Quite simply, PRs are some of the most important people you need to connect with (and stay connected with) if you want to become a successful travel writer.

The good news is that PRs in the travel industry are usually very happy to meet and speak with travel writers. To make initial connections with PRs contact your local tourism bureau (for example if you live in Sydney it will be Destination NSW, or if you live in Portland it will be Travel Oregon). The title of the person you reach out to may vary from organisation to organisation, such as: ‘media and marketing’ or ‘global sales’ or ‘PR specialist’, but essentially their roles will be similar.

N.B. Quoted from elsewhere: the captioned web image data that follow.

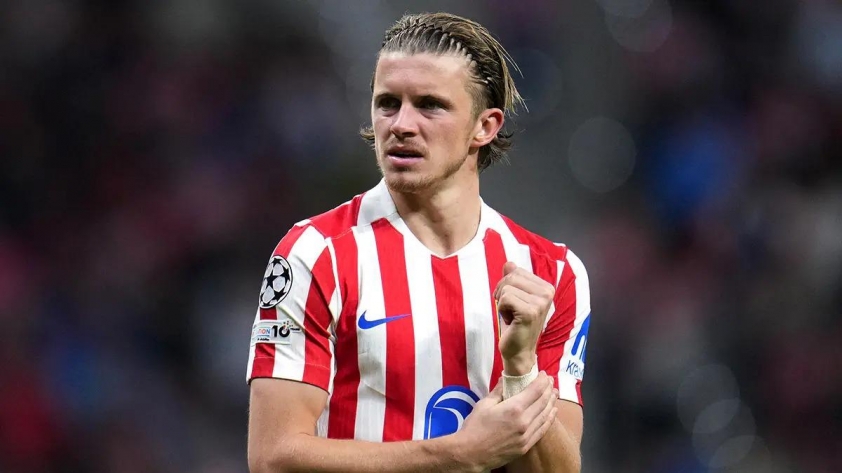 Conor Gallagher muốn được ra đi để có thể chơi bóng thường xuyên hơn.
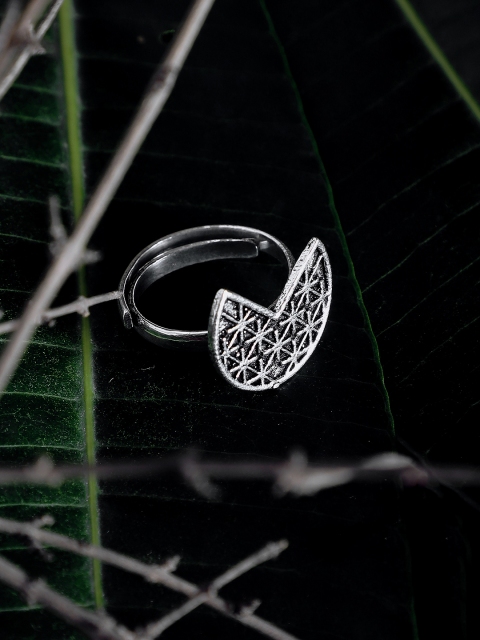

Zerokaata Women Silver-Plated Oxidized Adjustable Finger Ring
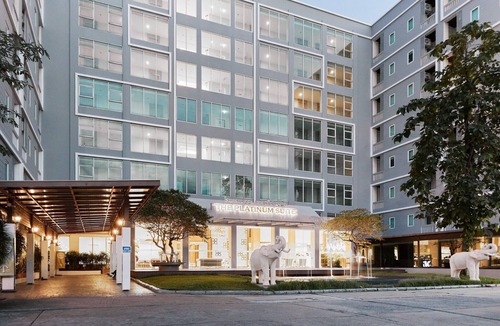 Suan Luang House | Superior Double Escape | Elegant Comfort & Ease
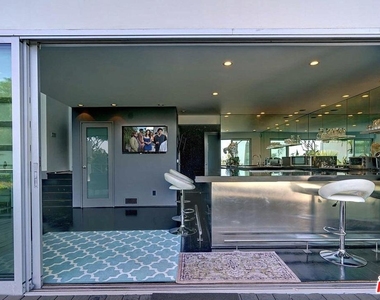 8380 Hollywood - Photo Thumbnail 10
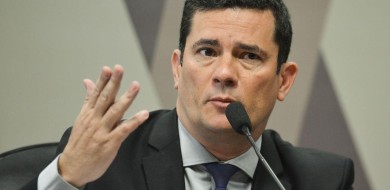 Sergio Moro adia ida à Câmara para falar sobre troca de mensagens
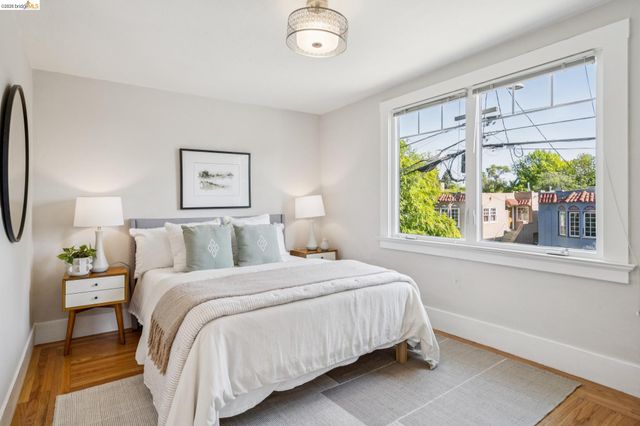 480 61St St, Oakland, CA 94609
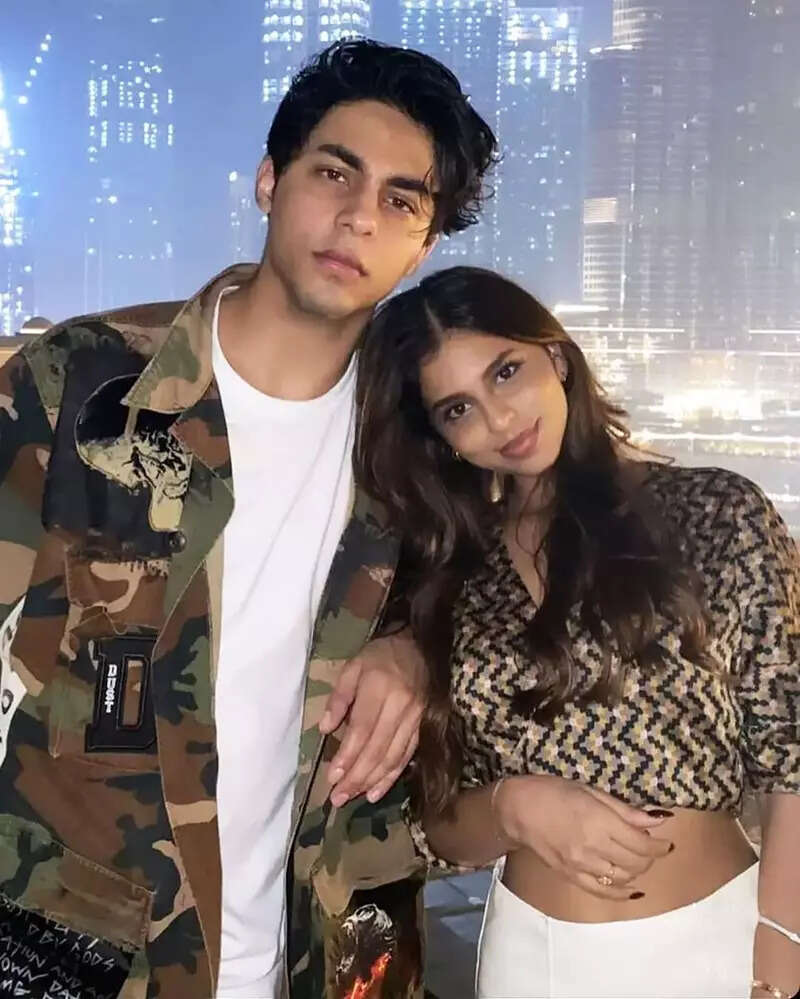 Amid Aryan Khan's drugs case, Suhana Khan wishes mommy Gauri Khan with a sweet picture on her birthday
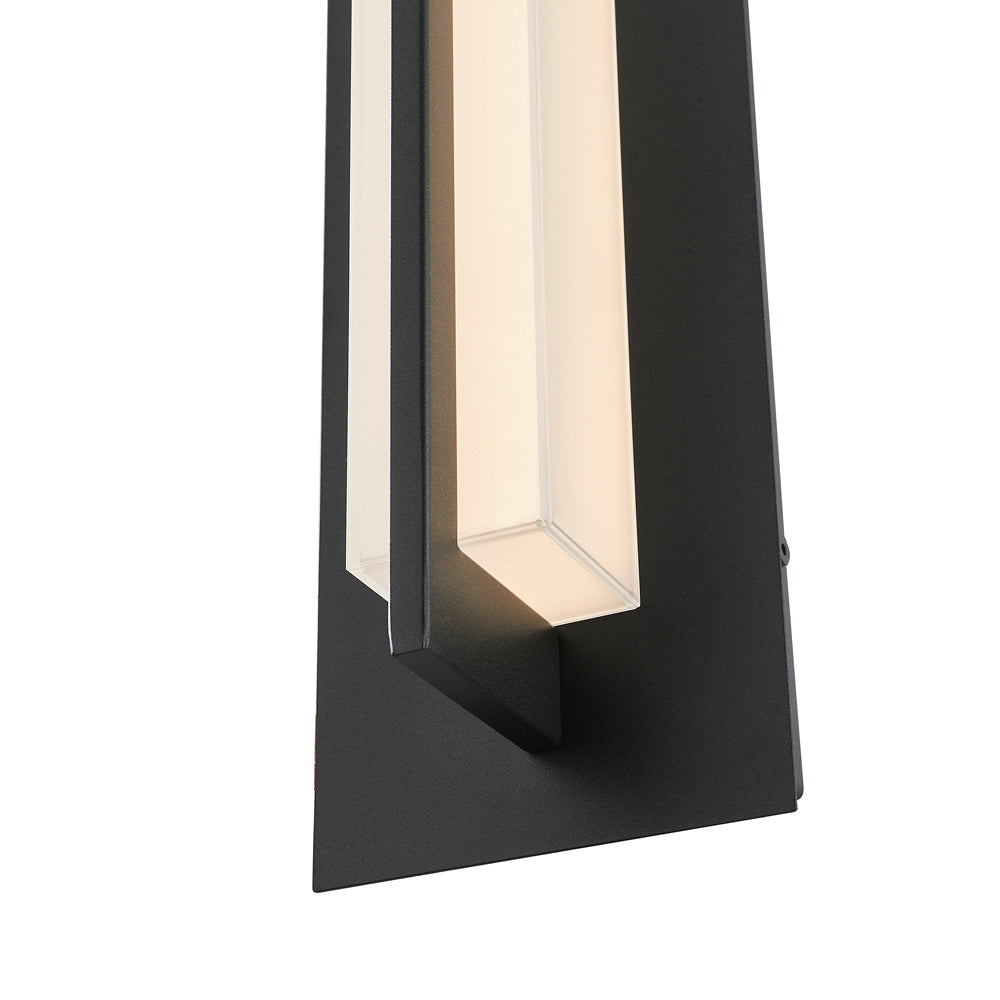 Electron Outdoor LED Wall Light in Detail.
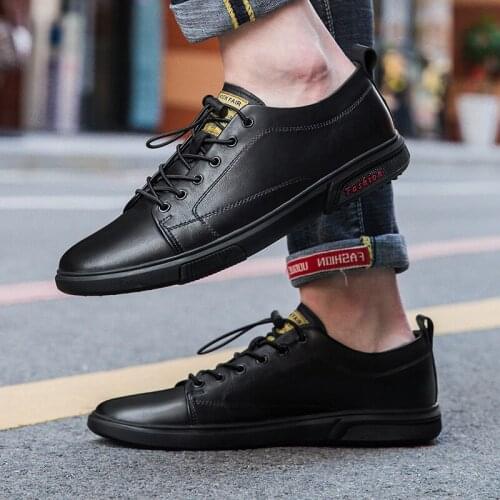 Mens trendy casual shoes all-match daily wear mens shoes comfortable and breathable outdoor mens shoes black and white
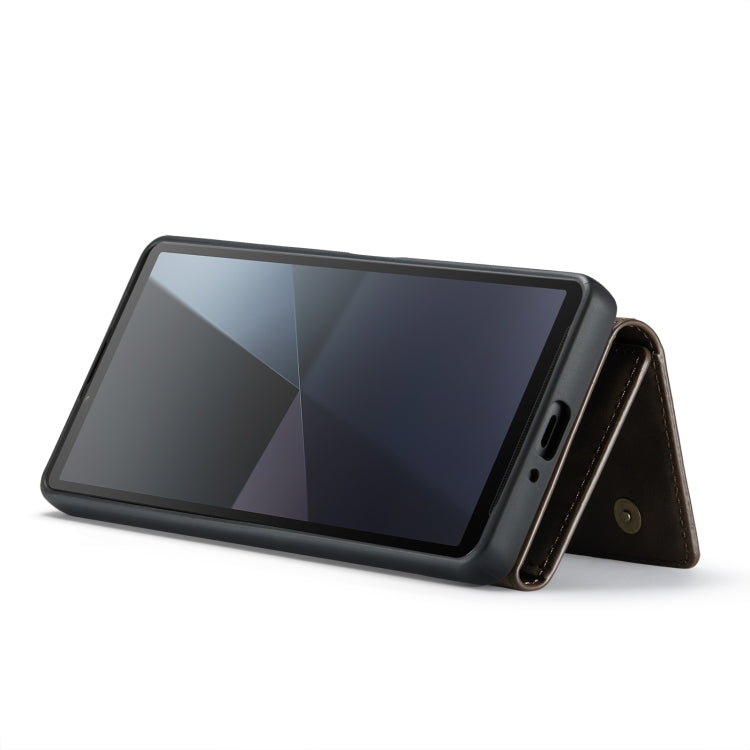 Pour Sony Xperia 10 VI DG.MING Série M1 Étui portefeuille multi-cartes 3 volets + coque de téléphone magnétique (café)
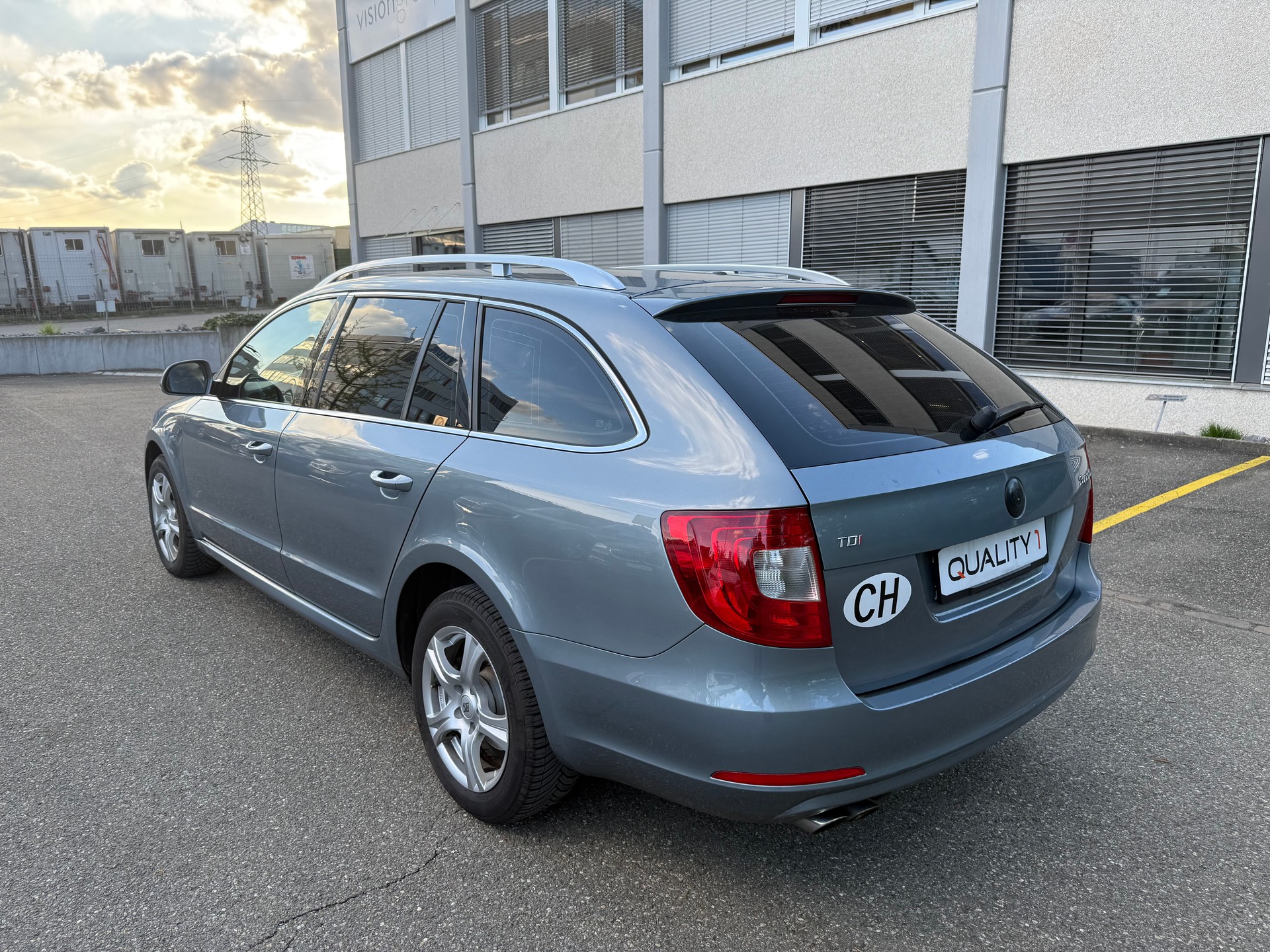 SKODA Superb Combi 2.0 TDi Comfort-image-2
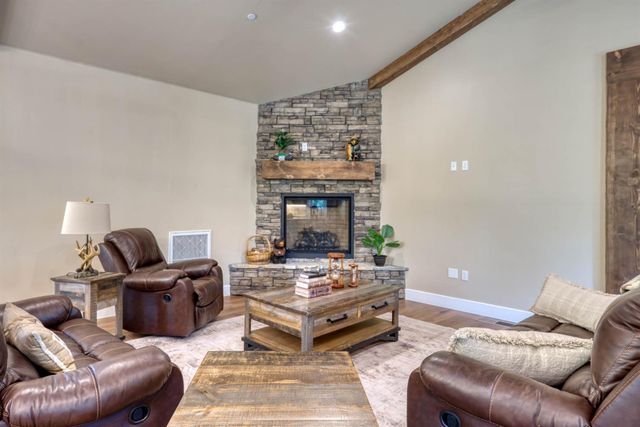 39484 Crest Point Lane, Shaver Lake, CA 93664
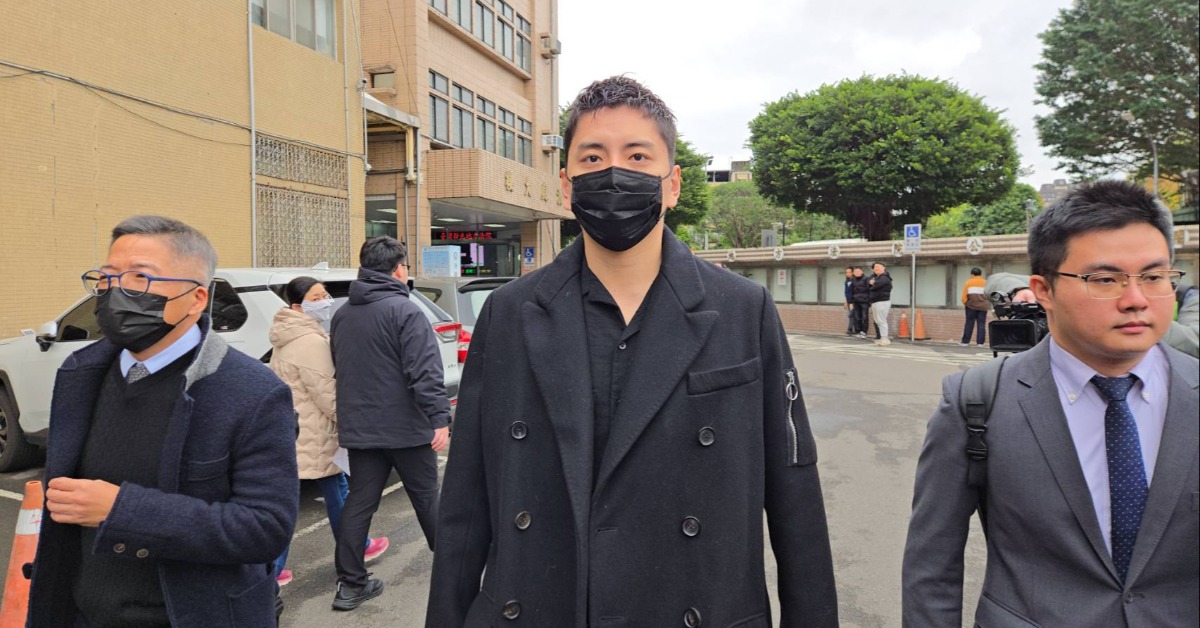 法官問職業！王大陸妙答「當兵阿」 個資法判決日期曝光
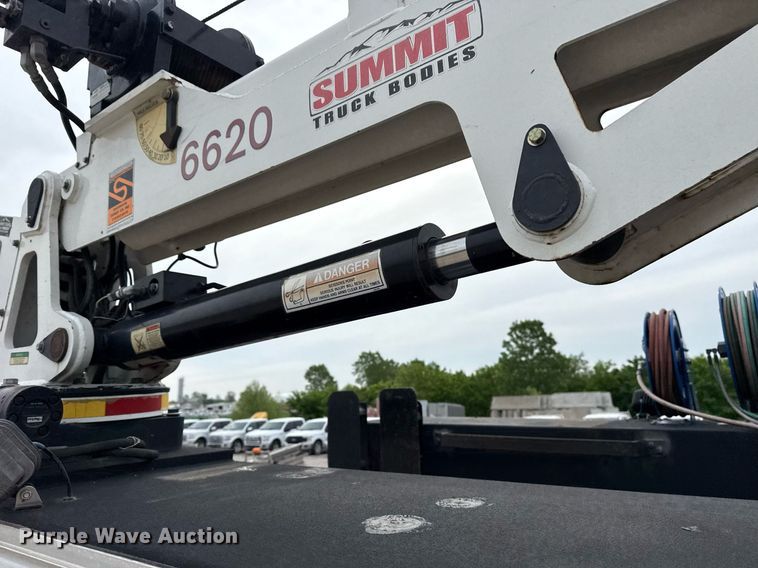 image for item DS3693 2015 Ford F550 utility / service truck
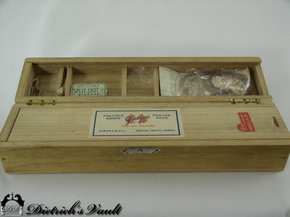 Grampus Split Bamboo Fishing Rod in Original Box For Sale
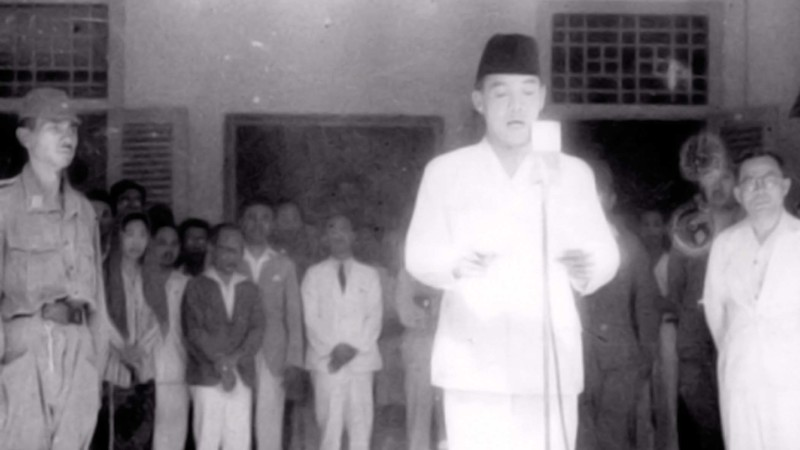 Indonesia National Revolution: Dutch Military Aggression in Indonesia (1945-1949)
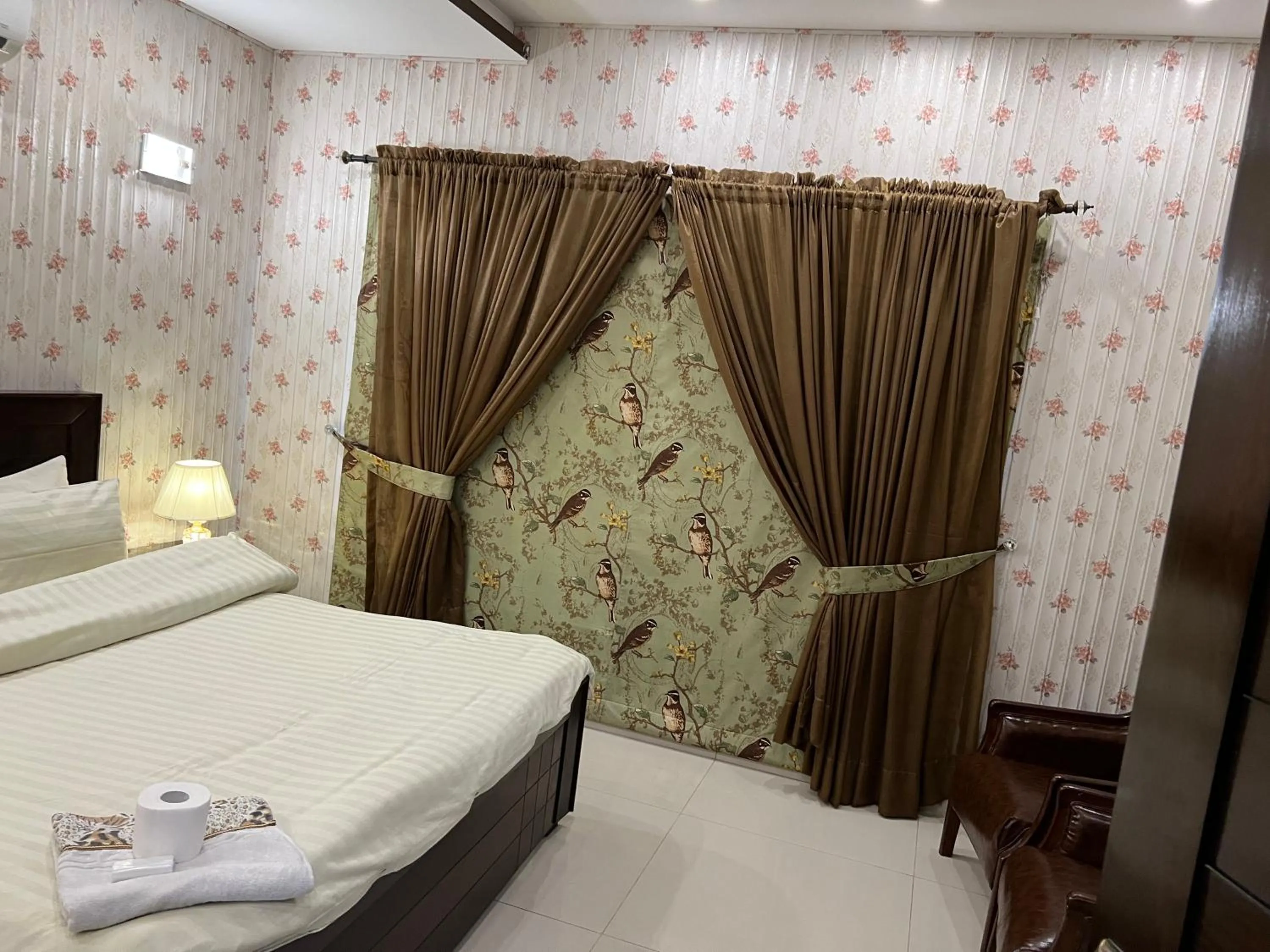 Bed in Vactional Villa Dha Phase 6 Lahore ,Three Bed Room Full House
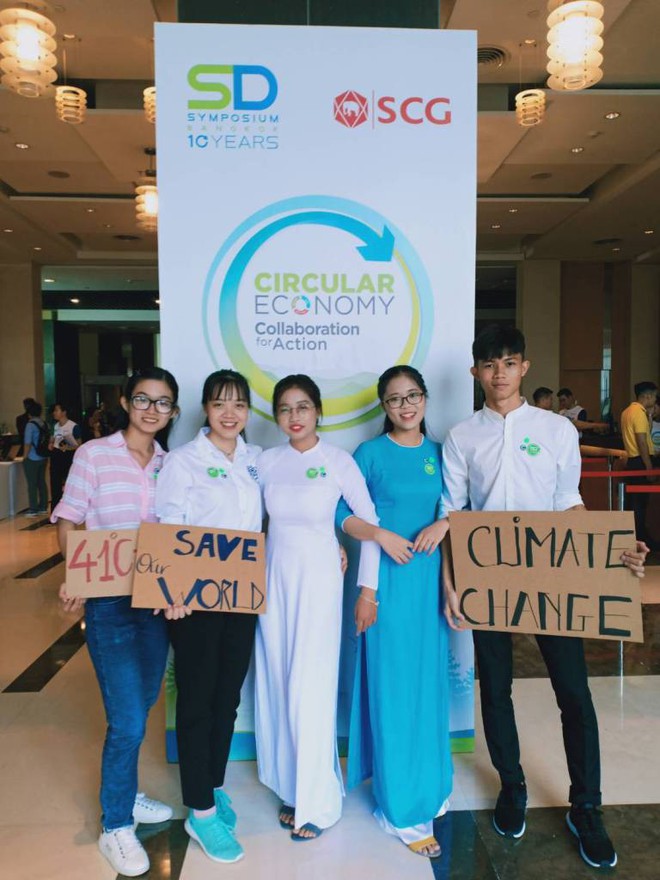 Học c&aacute;ch tập đo&agrave;n trăm tuổi t&aacute;i chế r&aacute;c thải, biến nhựa th&agrave;nh nh&agrave; ở d&agrave;nh cho c&aacute; - Ảnh 5.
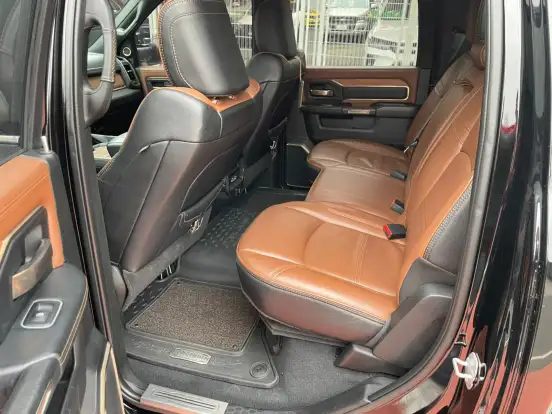 RAM-3500-6.7 I6 TURBO DIESEL LIMITED LONGHORN CD 4X4 AUTOMÁTICO RAM-3500-2022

Developing a relationship with PRs takes time, but if you focus on building and maintaining your relationship, it’s a connection that will be long lasting and will take you many places (literally!)

And remember, the PR world is a small one and word travels fast. If you are a reliable, courteous and engaged freelance writer who regularly delivers quality content, you’ll be in demand.

Getting invited on your first familiarisation trip

From the outside, it can seem like there is a magic formula to getting invited on a fam or press trip.

There are two kinds of fams – one is group fams that you do with other media personnel like journalists and editors, and one where you travel individually and you seek support or sponsorship from tourism bodies, PRs, individual operators and hotels yourself.  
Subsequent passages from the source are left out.